Figure 5. E₂ inhibits PMN adhesion to inflamed endothelium in an AnxA1-dependent fashion

Human umbilical vein endothelial cells (HUVEC) were stimulated with TNF-α (10ng/ml) for 4 hours. Human PMN were treated with either vehice, E₂ (5ng/ml) or with E₂ plus AnxA1 neutralizing Ab (20μg/ml) for 30 min. PMN were then flowed over the stimulated endothelial monolayer for 8 min, after which 6 random fields were recorded. A) PMN capture, adhesion and rolling were measured. *P< 0.001 E₂ compared to vehicle. # P< 0.001 E₂ compared to E₂ plus AnxA1 neutralizing Ab. B) Representative images of PMN interactions with endothelium under flow. Following analysis using Image-Pro, neutrophils that have firmly adhered to the endothelium are situated within the dotted circles. Empty dotted circles indicate non-adhered neutrophils.

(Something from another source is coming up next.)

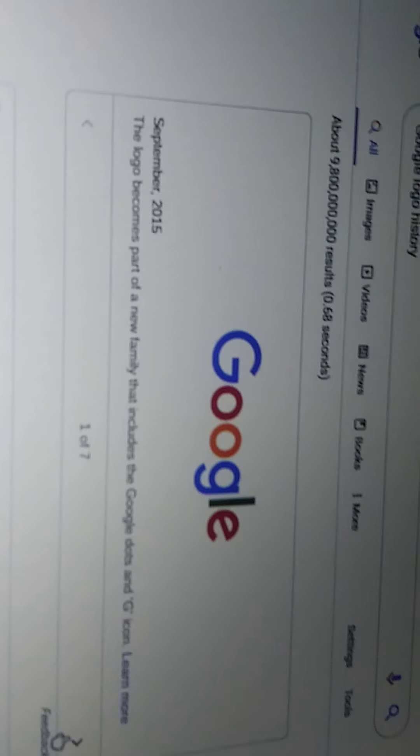So guys, the next hack is to search Google logo history. So let's build it, Google logo history. Oh, that's cute.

Figure 6. E₂- treated PMN post flow have a marked increase in AnxA1 surface expression, but low CD11b

PMN were treated as described in Figure 5. Pre-flow (A), post-flow (B) and post-adherent PMN were stained for AnxA1, CD62L and CD11b expression on the plasma membrane. P< 0.001 compared to vehicle (Student’s T test). Representative histograms are also shown.